Por Roberto Leon Ponczek
(dedicado à memória de meu amigo Salomão
Rabinovitz*)
Em 8 de maio de 1945, os
generais alemães assinavam, perante a cúpula dos exércitos aliados, a sua
rendição incondicional, selando o fim da II Guerra Mundial, mais cruel e
sanguinária da história da humanidade. Neste dia, os ingleses difundiram
ininterruptamente em regime de broadcasting,
através da BBC de Londres, o Concerto em Mi menor para violino e orquestra de
Mendelssohn, com a interpretação do violinista russo Jascha Heifetz.
Afinal, o que motivaria os
programadores da BBC a tocar dia e noite o famoso concerto? Seria o fato de sua
execução ter sido proibida durante a II Guerra, nos territórios sob ocupação
nazista? Sim, Mendelssohn, assim como todos compositores e intérpretes de
origem judaica haviam sido banidos das salas de concerto da Alemanha, sendo as
suas partituras queimadas, alguns anos antes, em praça pública em Berlim. O
concerto tornou-se assim uma espécie de hino de sobrevivência ao nazismo e a
todas as formas de tirania.
Felix Mendelssohn (1809-1847), compositor romântico alemão, foi
neto do filósofo Moisés Mendelssohn, considerado o “Sócrates germânico” que
defendia em seus inúmeros tratados a necessidade de integração e assimilação
dos judeus à cultura secular europeia, num movimento filosófico chamado de Haskalá, ou Iluminismo judaico. Não
previra, no entanto, o velho Moisés que suas ideias fossem tão radicalmente
adotadas por seu filho Abraham (pai de Felix) que se converteu ao
protestantismo, renunciando à fé judaica.

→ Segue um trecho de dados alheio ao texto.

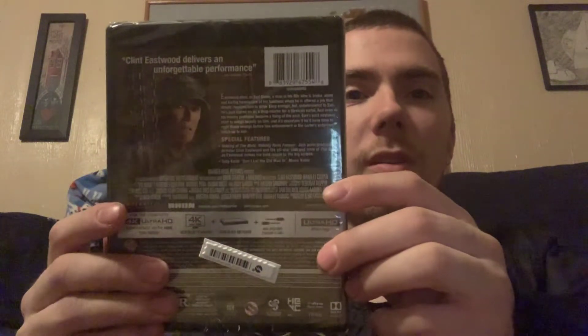So as usual, here's the front — it's the same — that's the slipcover. The spine is the same, and here's the back.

Felix Mendelssohn acrescentou o sobrenome cristão Bartholdy,
recebendo uma educação esmerada em ambientes frequentados pela aristocracia e
pela intelligentsia germânicas.
Revestiam-se de grande importância na vida berlinense de então, os saraus
literários e musicais promovidos, aos domingos, na casa dos Mendelssohn-Bartholdy.

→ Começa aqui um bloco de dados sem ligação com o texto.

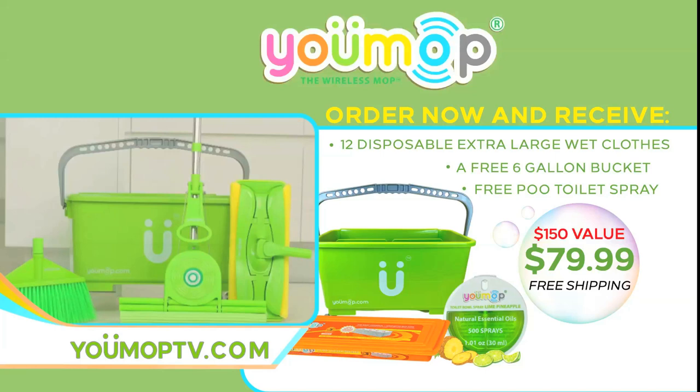A $150 value for only $79.99. Plus free wet cloths, six gallon bucket, toilet spray, and free shipping. Order right now.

Era habituè, destas reuniões ninguém
menos do que o filósofo Hegel, dentre vários outros intelectuais de peso. Entretanto,
a conversão de Mendelssohn ao cristianismo, não evitou que sua obra fosse execrada
pelos nazistas como “música judaica”, “degenerada” e “corrompida”.
Fui
acostumado a ouvir, desde a mais primordial infância, o concerto de violino de
Mendelssohn, interpretado pelo lendário violinista russo Jasha Heifetz, ainda
nos pesados bolachões 78 rpm que meu pai havia adquirido na Casa Irmãos Vitale,
assim que chegou ao Brasil, ainda nos estertores da II Guerra, quando ainda
fumegavam os campos de concentração da Polônia. Além de Heifetz, outros grandes
violinistas judeus como Nathan Milstein, David Oistrach, Yehudi Menuhin e Isaac
Stern, foram também silenciados pelo nazismo.
Recentemente
uma nova e surpreendente geração de jovens violinistas (como o norte-americano
Joshua Bell, a japonesa Midori, o lituano Julian Rachlin e o extraordinário
russo Maxim Vengerov) resgatou, em sua plenitude, a dinastia dos grandes
violinistas judeus banidos pelo nazismo.
Motivei-me a escrever essa pequena crônica ao ouvir no radio do
carro, na semana de Natal, o concerto para violino e orquestra de Mendelssohn, interpretado
por Maxim Vengerov, sem dúvida um “novo Heifetz”, com regência do maestro Kurt
Masur à frente da orquestra de Leipzig. Trata-se de uma interpretação à altura
dos grandes mestres judeus do arco que me fez evocar antigas e ancestrais
emoções, extraídas do fundo da memória de um filho de sobreviventes do
Holocausto que nem Moses nem Felix Mendelssohn poderiam prever.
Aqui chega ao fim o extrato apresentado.